Stored data:
--- START ---
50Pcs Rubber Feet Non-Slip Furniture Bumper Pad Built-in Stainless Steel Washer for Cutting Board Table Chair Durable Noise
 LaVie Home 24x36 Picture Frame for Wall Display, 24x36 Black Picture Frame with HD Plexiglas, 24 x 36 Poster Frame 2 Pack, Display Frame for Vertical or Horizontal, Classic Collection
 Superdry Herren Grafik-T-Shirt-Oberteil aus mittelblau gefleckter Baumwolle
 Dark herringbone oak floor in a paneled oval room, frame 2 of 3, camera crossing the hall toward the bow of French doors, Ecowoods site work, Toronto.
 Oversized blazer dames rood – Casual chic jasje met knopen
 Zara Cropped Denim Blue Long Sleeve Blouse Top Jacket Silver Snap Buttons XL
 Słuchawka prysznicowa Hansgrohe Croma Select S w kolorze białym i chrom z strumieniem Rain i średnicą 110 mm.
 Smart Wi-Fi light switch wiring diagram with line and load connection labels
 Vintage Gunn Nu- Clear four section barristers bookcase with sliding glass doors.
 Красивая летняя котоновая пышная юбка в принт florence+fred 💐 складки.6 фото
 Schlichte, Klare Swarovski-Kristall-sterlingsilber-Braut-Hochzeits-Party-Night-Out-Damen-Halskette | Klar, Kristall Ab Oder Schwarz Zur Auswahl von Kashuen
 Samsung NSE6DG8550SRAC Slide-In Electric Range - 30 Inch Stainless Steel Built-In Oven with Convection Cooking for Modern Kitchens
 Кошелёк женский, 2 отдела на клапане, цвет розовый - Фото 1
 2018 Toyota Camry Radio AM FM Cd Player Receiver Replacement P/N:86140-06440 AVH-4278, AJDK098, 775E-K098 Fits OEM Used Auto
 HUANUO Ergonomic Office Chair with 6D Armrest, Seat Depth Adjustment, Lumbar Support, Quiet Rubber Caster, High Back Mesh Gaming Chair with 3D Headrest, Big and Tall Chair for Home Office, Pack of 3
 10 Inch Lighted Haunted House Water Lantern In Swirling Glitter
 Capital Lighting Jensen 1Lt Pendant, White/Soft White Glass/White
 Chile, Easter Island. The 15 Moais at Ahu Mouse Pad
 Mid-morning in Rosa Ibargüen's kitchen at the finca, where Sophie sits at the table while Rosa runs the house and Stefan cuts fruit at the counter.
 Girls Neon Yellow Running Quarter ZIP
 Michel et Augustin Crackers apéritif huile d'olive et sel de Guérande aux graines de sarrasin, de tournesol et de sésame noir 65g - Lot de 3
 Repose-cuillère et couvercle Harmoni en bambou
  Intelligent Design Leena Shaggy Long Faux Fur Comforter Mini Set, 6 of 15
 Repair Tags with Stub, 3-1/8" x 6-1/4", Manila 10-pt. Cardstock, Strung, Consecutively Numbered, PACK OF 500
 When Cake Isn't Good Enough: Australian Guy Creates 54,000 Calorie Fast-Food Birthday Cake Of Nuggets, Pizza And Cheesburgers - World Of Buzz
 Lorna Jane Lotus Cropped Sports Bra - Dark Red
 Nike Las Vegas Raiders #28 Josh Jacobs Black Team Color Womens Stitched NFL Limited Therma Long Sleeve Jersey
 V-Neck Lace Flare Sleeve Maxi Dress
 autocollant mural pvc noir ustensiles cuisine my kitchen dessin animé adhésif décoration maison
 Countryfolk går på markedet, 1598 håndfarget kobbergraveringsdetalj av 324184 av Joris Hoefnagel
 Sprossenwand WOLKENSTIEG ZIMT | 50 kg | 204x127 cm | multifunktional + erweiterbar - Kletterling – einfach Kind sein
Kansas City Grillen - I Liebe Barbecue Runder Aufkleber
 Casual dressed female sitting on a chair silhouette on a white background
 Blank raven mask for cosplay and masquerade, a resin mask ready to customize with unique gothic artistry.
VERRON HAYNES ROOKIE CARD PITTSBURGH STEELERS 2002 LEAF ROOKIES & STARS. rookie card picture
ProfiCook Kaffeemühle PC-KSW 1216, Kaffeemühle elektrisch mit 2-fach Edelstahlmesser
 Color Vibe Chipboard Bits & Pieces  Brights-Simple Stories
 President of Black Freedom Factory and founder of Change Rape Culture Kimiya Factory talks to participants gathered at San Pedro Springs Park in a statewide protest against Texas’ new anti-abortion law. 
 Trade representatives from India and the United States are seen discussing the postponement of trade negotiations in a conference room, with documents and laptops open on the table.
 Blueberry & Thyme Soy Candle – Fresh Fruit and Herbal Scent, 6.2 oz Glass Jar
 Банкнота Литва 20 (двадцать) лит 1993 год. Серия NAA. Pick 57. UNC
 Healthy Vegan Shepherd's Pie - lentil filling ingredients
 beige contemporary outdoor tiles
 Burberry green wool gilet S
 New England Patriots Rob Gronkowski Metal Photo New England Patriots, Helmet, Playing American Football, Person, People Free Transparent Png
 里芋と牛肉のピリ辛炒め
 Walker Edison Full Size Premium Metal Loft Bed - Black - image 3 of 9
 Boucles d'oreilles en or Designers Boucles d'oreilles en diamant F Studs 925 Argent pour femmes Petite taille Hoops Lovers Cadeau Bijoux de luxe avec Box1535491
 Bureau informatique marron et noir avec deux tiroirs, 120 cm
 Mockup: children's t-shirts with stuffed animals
--- END ---
> **What you should do**: Beginning at the line with "Trade representatives from" and ending at the last line of the entries, print every line exactly.

> **Exercise response**:
 Trade representatives from India and the United States are seen discussing the postponement of trade negotiations in a conference room, with documents and laptops open on the table.
 Blueberry & Thyme Soy Candle – Fresh Fruit and Herbal Scent, 6.2 oz Glass Jar
 Банкнота Литва 20 (двадцать) лит 1993 год. Серия NAA. Pick 57. UNC
 Healthy Vegan Shepherd's Pie - lentil filling ingredients
 beige contemporary outdoor tiles
 Burberry green wool gilet S
 New England Patriots Rob Gronkowski Metal Photo New England Patriots, Helmet, Playing American Football, Person, People Free Transparent Png
 里芋と牛肉のピリ辛炒め
 Walker Edison Full Size Premium Metal Loft Bed - Black - image 3 of 9
 Boucles d'oreilles en or Designers Boucles d'oreilles en diamant F Studs 925 Argent pour femmes Petite taille Hoops Lovers Cadeau Bijoux de luxe avec Box1535491
 Bureau informatique marron et noir avec deux tiroirs, 120 cm
 Mockup: children's t-shirts with stuffed animals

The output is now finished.